Ами Смит и Майкл Кук, анализируя изображения, созданные нейросетями, говорят о новой эпохе ready-made, где алгоритмы не творят, а реорганизуют. Они извлекают из скрытых слоёв данных уже существующие формы [7, с. 54]. В этом контексте data-made становится не просто метафорой. Новая онтология искусства говорит о том, что произведение существует не как материальный объект, а как алгоритмическая конфигурация данных, воплощённая в визуальной, аудиальной или интерактивной форме.

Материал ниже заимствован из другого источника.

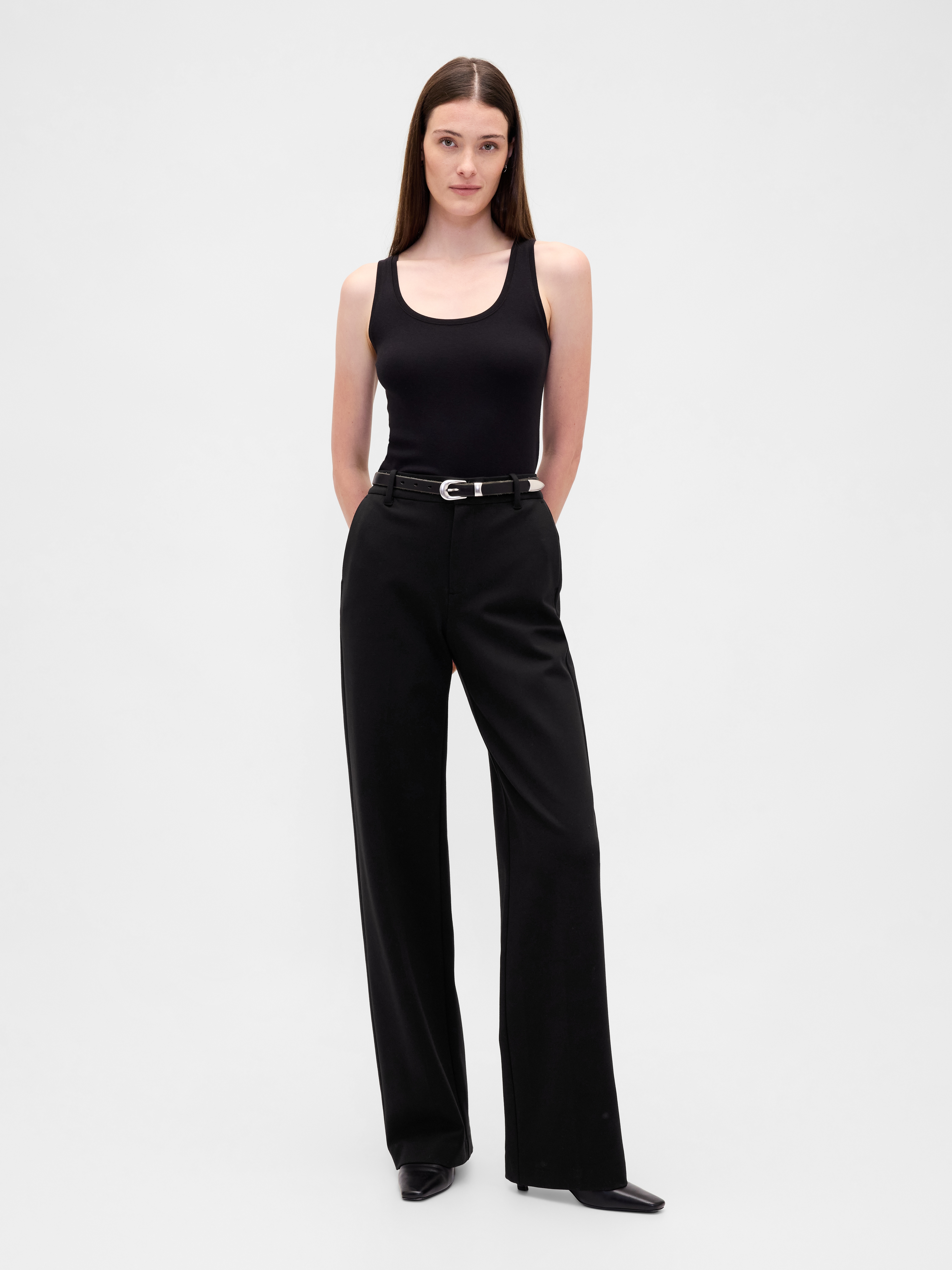 High Rise Double Knit Wide-Leg Pants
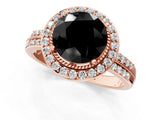 Rose gold Fancy Black Round Cut Diamond Double Halo Ring with Split Shank and Four-Prong Setting_1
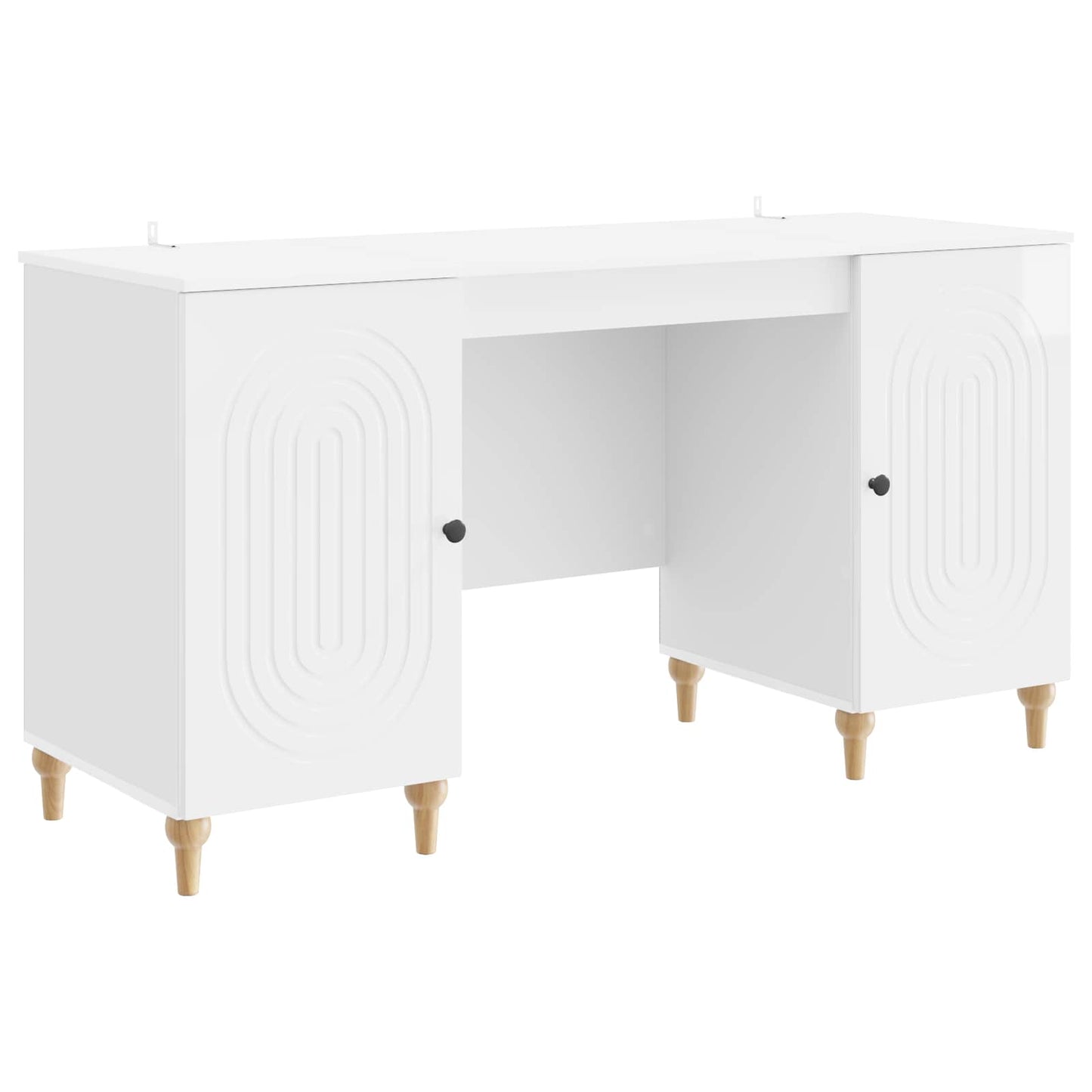 Schreibtisch Glänzend Weiß 142,5 x 50 x 75 cm Holzwerkstoff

Банан Маурицио Каттелана, в галерейном контексте выступавший как ready-made, в цифровом пространстве превращается в data-made – объект. Его аура не принадлежит физическому оригиналу, а распределена между множеством цифровых итераций. Каждый акт цифрового воспроизводства не уничтожает оригинал, а порождает новую точку смыслового напряжения. Банан становится узлом данных, медиатором между алгоритмом, зрителем и системой обращения, где эстетическое переживание возникает из взаимодействия, а не из созерцания.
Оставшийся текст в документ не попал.